_INSTRUCTIONS FOR THE TASK_: What should be copied is the stretch of entries below from the line with "Charming Hideaway with" up to and including the line with "PORSCHE 911 2015", exactly and without images.

_SOURCE RECORDS_:
══════

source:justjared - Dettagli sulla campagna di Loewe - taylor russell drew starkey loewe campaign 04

══════

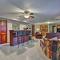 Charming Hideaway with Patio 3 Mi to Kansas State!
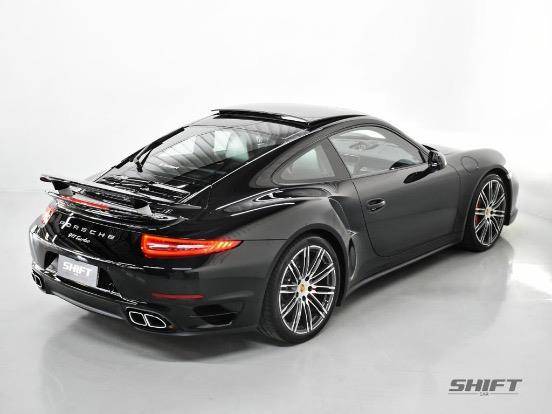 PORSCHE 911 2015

══════

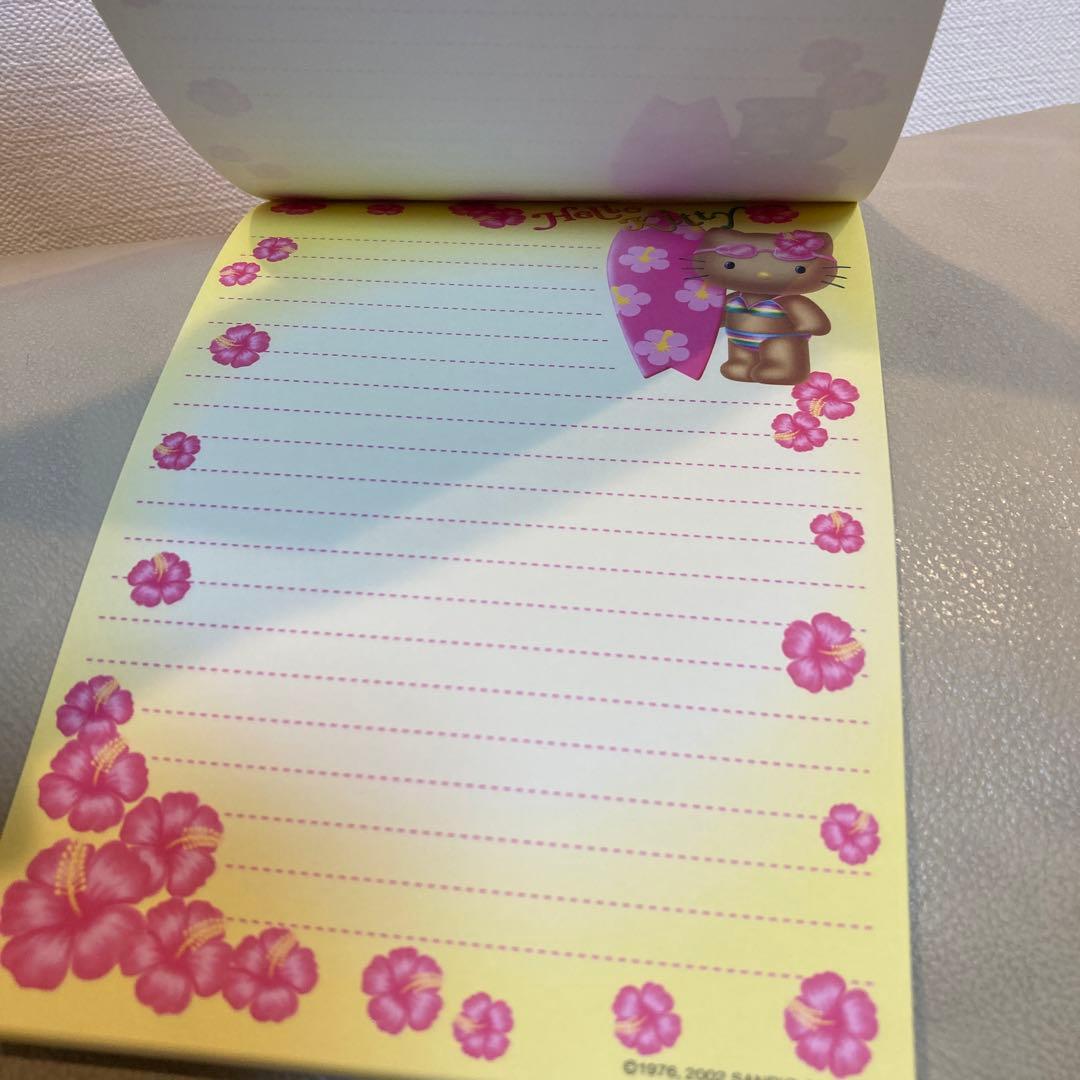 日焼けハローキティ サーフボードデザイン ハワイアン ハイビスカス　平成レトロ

══════

_SOLUTION FOR THIS PROBLEM_:
 Charming Hideaway with Patio 3 Mi to Kansas State!
 PORSCHE 911 2015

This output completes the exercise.